Saturday, April 24, 2010

Demo - A Review

It’s interesting that this review should come up so soon after my review of A Single Man. Both experiences were terribly personal ones, but also one that I’d want to share with someone.

I’d like to think that they were both stories that everyone can relate to in some small way, but may view differently or pick different moments--or in the case of Demo, stories that affected them more or less than yourself. Which would make any discussions about them all the more interesting, because you wont necessarily agree with someone but you learn just a little more about them. 


Demo is a critically praised graphic novel of a collection of short stories that is described on the back cover as “twelve stories of young people standing at a crossroads, each faced with a life-altering decision in a world where merely living is hard enough.” It was originally recommended from a woman at my new favourite comic book store in Surrey (seriously, go there. Buy stuff. The staff is awesome) and after reading the back cover I thought, ‘hey, I’m a young person, I’m at a crossroads, it’s so relatable!’

Except y’know, in a less perky voice.

Now with anything (I mean, have you read any of the other posts? I tend to be a little neurotic), I was a tad hesitant after getting through the first few stories. Twelve stories in any type of forum doesn’t really give a lot of exposition. If anything, these are snap shots of people in their lives, right at that crossroads. There aren’t any easy answers (please, there aren’t any answers at all), it’s more of a glimpse into someone’s life for one bad day.
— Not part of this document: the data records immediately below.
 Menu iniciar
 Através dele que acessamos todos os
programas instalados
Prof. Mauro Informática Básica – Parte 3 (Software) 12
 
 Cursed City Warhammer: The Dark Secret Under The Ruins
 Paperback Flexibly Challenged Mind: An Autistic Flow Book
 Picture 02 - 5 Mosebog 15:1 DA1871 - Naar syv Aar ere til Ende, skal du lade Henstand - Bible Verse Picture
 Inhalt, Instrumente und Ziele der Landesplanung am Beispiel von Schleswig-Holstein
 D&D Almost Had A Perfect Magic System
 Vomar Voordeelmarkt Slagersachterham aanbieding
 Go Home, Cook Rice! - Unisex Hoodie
I suppose I should have prefaced this, but this is a good a time as any to say that I’m not a real fan of short stories. I find with a lot of them you just get invested into these characters and this story and then it’s over. I like a bit of--substance to my stories, I want to watch a character grow and change and develop. Which is probably why I enjoy reading series so much. I just feel that in general, you get more out of a story if you can have a bigger story and learn more.
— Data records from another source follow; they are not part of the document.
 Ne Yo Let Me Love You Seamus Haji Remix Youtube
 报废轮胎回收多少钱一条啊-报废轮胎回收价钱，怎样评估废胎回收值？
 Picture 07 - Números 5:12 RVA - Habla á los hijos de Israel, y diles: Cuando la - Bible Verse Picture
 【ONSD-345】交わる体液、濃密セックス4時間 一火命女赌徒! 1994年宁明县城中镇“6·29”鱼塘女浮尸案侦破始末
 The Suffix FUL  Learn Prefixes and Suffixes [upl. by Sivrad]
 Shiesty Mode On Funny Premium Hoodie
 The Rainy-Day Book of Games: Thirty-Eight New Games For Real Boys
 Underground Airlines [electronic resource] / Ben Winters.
Demo kinda blew that opinion out of the water.

Writer Brian Wood can fit more into a few pages of script than most authors can get through their first book. Sure there are stories that I didn’t quite feel I related to or perhaps didn’t have anything to do with my life, but that didn’t make it any less emotional or any less profound. The writer in me is jealous as hell that he can use so little to achieve so much. This is one of the reasons Demo works so well (the second reason that it does such a good job is Becky Cloonan’s artwork. She’s an artist who can switch styles with each story so well you’d think there was 12 different artists on this story. Which itself is an amazing feat but her artwork is impeccable and Wood makes good use of her ability to paint what he doesn’t need to write. It shows that he’s a smart writer who knows when to tell, when to show and when to let the artwork do the talking). These stories aren’t meant to solve problems or give you a lesson to learn. They’re snapshots, they’re relatable antidotes and it has been a long time that I have felt the way I felt after finishing this book.
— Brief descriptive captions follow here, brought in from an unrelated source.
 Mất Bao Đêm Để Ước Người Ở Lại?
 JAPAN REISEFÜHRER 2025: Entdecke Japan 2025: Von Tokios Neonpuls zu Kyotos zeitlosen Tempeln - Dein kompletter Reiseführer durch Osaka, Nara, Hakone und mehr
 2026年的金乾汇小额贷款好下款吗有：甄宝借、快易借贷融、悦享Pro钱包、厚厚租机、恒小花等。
I read a review online saying that Demo would rub you raw and I think that is the best description I could think of for this book. I’m sure there’s something for every young person somewhere in this book. After setting down the book I withdrew into myself, I didn’t want to talk to anyone or get involved--which was kinda awkward as I finished it in my lunch hour at work. It was an incredibly emotional and realistic portrayal of people going through their life.

For me, the two stories that meant the most, were not so shockingly about break ups. And as horrible as this may be of me, I don’t want to quite give a synopsis of it, lest I spoil something. However, if you do pick it up, for your reference they are “Mixtape” and “Breaking Up”. Interesting that they’re right after one another for a one, two punch to the gut.

Or at least that’s how it felt for me.

Either way that I see it, Demo is that book that you can loan to all your friends and they’ll each find something different it. It’s the book you can read six months from now or a year, two years and still find something that is so genuinely true for what you’re going through at that moment.

Demo will rub you raw.

But only because it so accurately portrays how hard it can be to grow up.